What is needed is an exact reproduction of the lines in the records below, starting at the line with "Hot Sale 10PCS" and ending at the line with "Volkswagen Golf 2018", both included, and nothing else; pictures stay out.

__MATERIAL TO PROCESS__
────
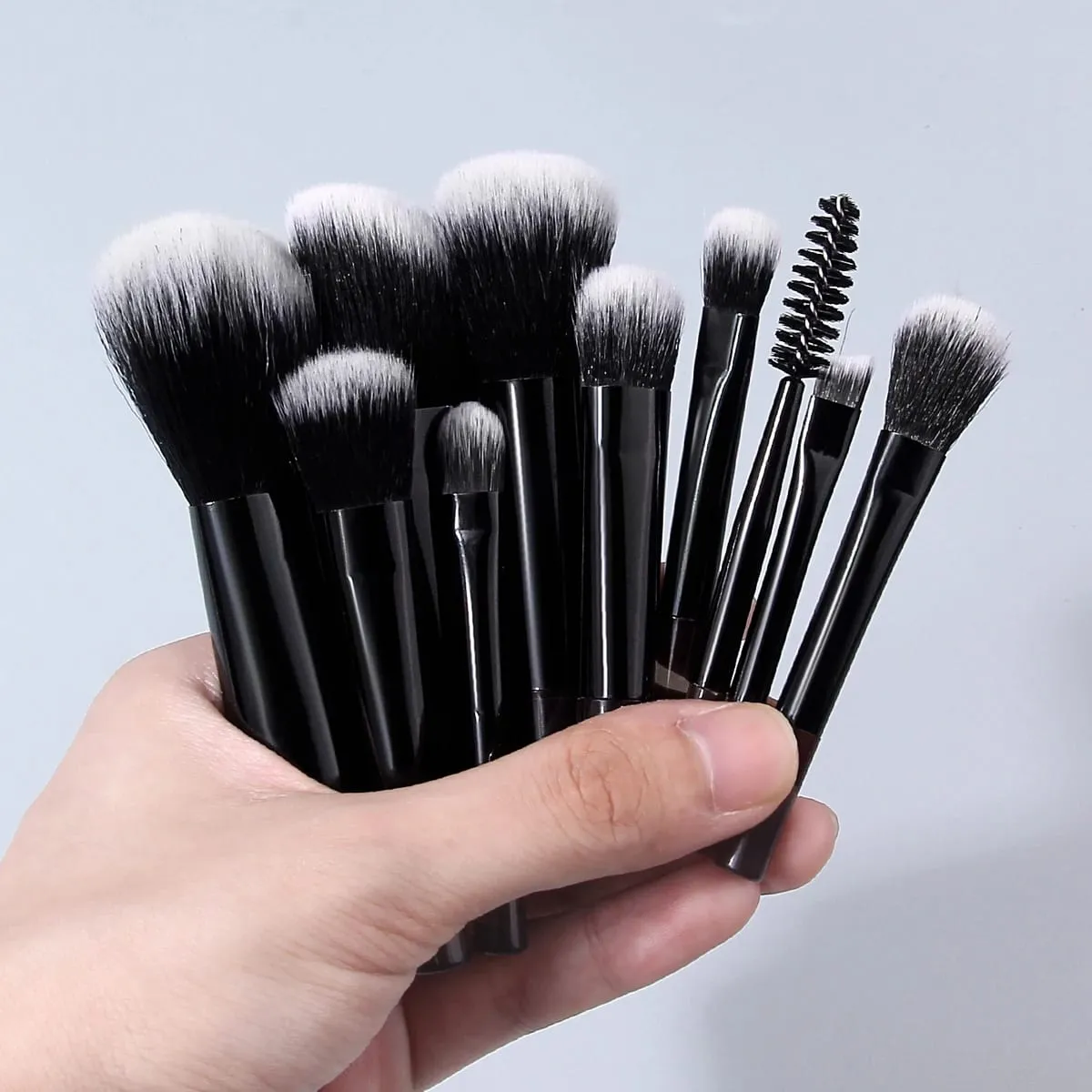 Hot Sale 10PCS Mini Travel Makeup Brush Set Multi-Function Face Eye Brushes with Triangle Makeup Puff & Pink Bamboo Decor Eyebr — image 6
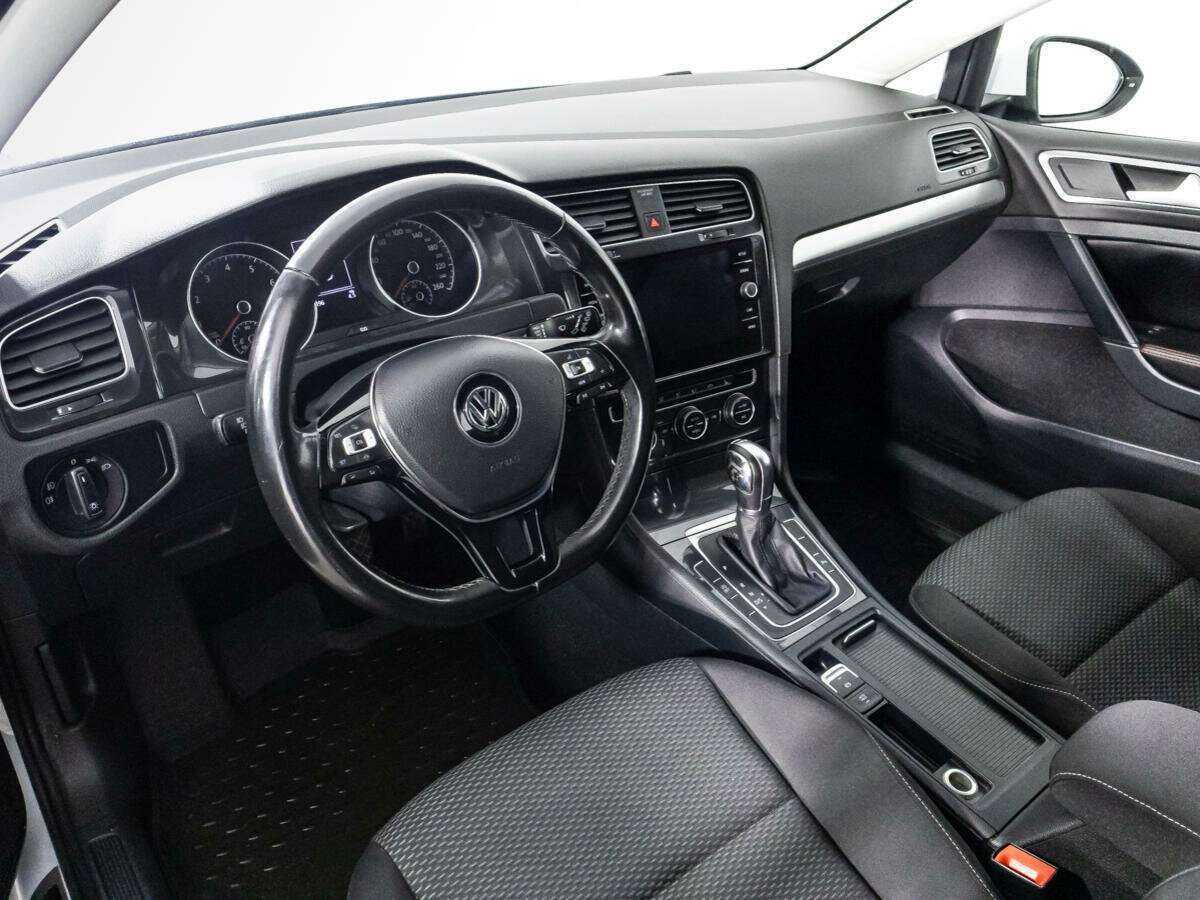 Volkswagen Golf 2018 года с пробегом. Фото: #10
────
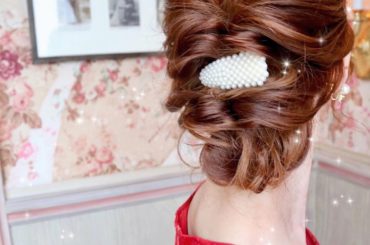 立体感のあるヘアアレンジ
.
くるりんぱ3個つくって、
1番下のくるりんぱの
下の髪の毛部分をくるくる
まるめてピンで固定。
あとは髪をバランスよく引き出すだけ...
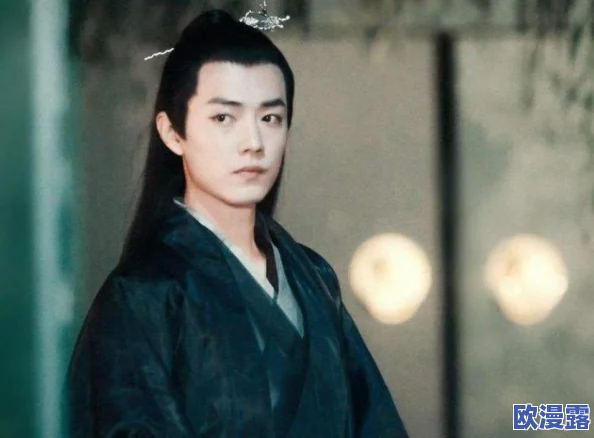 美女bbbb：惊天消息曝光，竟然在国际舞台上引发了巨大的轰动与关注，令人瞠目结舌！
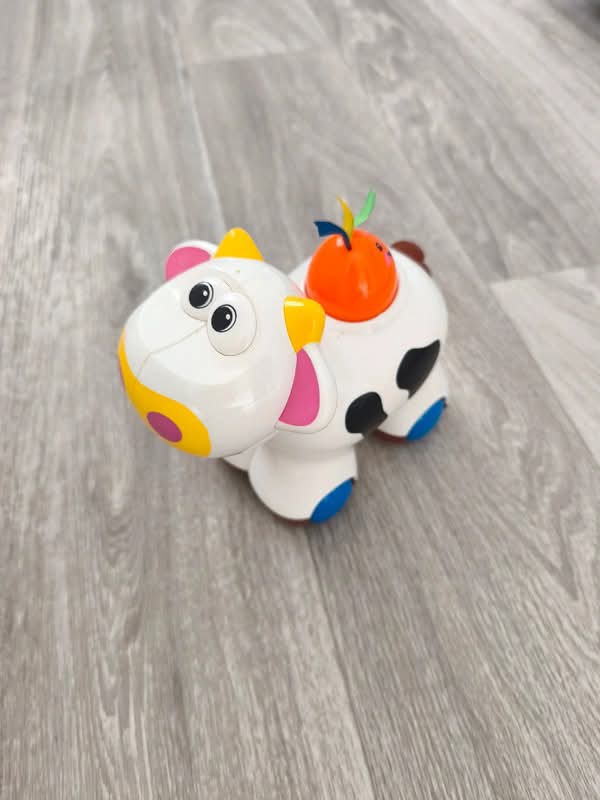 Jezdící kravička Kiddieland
────
__EXERCISE OUTPUT__
 Hot Sale 10PCS Mini Travel Makeup Brush Set Multi-Function Face Eye Brushes with Triangle Makeup Puff & Pink Bamboo Decor Eyebr — image 6
 Volkswagen Golf 2018 года с пробегом. Фото: #10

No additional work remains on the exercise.